Below are the records; restate word for word the lines from the first through the one containing "Alejandro Campos pasa", and only those.

[Source records]
▬▬▬

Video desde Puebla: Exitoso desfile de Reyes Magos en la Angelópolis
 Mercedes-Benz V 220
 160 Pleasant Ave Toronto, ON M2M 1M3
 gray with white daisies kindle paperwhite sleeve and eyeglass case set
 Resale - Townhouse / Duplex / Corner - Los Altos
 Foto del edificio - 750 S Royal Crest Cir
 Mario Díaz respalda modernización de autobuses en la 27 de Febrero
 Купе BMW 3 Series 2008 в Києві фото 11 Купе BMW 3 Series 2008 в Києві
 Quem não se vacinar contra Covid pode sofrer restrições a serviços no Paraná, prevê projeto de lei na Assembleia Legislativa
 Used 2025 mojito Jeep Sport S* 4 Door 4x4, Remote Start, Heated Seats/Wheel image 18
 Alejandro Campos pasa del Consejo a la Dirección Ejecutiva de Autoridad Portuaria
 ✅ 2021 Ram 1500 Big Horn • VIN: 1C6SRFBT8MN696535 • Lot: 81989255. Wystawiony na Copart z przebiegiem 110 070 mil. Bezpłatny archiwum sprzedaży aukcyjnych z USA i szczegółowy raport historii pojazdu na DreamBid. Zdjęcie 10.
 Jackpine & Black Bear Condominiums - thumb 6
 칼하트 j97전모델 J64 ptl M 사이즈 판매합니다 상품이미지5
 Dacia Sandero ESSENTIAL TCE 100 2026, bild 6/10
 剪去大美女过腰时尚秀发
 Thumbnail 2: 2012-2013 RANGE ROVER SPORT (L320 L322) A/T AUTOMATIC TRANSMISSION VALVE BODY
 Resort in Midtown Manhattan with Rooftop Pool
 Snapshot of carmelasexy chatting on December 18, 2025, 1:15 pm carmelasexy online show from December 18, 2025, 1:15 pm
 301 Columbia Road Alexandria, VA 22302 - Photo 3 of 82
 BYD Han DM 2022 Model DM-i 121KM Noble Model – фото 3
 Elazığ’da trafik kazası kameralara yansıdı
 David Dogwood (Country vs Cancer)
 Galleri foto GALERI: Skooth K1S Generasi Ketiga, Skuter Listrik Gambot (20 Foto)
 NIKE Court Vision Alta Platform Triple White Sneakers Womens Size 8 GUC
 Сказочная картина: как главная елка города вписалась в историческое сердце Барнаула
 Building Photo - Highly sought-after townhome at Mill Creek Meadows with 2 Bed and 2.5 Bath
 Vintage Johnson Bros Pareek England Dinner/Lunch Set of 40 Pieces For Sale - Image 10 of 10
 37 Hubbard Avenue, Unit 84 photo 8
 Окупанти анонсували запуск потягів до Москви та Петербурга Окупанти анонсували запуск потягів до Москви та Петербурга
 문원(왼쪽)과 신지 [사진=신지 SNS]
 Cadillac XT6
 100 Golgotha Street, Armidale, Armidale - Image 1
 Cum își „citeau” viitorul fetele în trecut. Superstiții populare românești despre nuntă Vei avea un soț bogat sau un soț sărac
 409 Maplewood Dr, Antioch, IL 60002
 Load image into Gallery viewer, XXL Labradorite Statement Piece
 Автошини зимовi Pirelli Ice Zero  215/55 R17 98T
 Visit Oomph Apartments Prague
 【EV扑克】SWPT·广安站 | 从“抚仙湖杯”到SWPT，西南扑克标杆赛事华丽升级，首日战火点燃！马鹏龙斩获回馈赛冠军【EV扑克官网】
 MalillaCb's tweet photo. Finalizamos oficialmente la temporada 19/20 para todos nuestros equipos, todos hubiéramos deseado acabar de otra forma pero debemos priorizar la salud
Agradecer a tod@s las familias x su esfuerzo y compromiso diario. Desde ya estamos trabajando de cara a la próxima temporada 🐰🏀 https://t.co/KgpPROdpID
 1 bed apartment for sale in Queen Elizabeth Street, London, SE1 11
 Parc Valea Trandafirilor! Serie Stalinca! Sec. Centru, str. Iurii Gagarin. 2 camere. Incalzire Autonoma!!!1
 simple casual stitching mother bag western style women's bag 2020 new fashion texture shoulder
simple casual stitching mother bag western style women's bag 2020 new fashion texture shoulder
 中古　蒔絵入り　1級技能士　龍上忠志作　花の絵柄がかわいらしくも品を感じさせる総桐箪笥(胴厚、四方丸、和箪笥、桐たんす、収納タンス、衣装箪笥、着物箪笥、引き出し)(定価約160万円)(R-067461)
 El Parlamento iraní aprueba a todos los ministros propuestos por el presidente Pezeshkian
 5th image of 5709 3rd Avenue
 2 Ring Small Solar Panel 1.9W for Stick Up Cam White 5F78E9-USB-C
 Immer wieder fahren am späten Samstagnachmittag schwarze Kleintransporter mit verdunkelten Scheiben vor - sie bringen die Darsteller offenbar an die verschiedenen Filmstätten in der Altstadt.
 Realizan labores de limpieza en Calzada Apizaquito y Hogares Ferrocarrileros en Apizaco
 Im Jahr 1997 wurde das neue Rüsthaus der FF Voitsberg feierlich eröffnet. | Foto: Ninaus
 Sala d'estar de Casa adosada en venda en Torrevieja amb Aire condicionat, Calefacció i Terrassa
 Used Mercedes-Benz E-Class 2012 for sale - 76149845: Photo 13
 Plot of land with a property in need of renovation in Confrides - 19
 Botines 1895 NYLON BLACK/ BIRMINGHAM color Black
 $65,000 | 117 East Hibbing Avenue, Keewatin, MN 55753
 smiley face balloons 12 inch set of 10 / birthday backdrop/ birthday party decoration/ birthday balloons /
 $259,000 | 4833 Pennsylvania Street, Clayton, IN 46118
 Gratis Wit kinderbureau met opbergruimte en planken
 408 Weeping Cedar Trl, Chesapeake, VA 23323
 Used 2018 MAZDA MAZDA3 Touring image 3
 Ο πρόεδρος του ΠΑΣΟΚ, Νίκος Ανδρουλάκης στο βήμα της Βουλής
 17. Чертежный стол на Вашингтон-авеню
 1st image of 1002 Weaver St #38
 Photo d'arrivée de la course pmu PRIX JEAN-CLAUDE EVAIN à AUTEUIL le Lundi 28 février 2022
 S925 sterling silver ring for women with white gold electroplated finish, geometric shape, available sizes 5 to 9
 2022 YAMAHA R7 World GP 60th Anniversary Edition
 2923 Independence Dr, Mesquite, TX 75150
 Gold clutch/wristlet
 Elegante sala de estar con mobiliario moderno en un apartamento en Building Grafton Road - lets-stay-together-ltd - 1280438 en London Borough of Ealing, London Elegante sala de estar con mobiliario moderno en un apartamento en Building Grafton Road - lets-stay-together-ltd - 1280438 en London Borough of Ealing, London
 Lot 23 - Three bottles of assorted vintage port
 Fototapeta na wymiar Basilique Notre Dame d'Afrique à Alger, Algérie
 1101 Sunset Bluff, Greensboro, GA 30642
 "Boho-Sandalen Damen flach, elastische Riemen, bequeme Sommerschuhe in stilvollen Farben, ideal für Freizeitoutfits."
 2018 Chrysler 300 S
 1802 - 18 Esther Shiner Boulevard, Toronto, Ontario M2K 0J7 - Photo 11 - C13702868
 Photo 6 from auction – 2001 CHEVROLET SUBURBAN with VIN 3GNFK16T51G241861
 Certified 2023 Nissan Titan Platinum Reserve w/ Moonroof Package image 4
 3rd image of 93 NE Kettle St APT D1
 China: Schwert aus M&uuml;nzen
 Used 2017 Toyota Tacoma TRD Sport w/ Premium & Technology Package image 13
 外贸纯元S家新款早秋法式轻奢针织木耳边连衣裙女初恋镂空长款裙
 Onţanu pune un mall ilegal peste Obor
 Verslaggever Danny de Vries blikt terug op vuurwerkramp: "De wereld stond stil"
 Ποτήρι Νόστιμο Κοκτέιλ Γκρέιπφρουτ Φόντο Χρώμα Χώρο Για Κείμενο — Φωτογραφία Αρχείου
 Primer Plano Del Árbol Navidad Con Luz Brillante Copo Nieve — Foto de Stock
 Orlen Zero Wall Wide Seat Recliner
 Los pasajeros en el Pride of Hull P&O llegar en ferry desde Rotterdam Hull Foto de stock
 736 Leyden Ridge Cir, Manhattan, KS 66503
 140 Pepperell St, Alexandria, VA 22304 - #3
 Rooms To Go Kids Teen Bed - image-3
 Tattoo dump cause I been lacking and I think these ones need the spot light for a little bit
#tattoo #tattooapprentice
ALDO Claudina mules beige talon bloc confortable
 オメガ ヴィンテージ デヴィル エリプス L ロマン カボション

▬▬▬

• [The completed task]:
Video desde Puebla: Exitoso desfile de Reyes Magos en la Angelópolis
 Mercedes-Benz V 220
 160 Pleasant Ave Toronto, ON M2M 1M3
 gray with white daisies kindle paperwhite sleeve and eyeglass case set
 Resale - Townhouse / Duplex / Corner - Los Altos
 Foto del edificio - 750 S Royal Crest Cir
 Mario Díaz respalda modernización de autobuses en la 27 de Febrero
 Купе BMW 3 Series 2008 в Києві фото 11 Купе BMW 3 Series 2008 в Києві
 Quem não se vacinar contra Covid pode sofrer restrições a serviços no Paraná, prevê projeto de lei na Assembleia Legislativa
 Used 2025 mojito Jeep Sport S* 4 Door 4x4, Remote Start, Heated Seats/Wheel image 18
 Alejandro Campos pasa del Consejo a la Dirección Ejecutiva de Autoridad Portuaria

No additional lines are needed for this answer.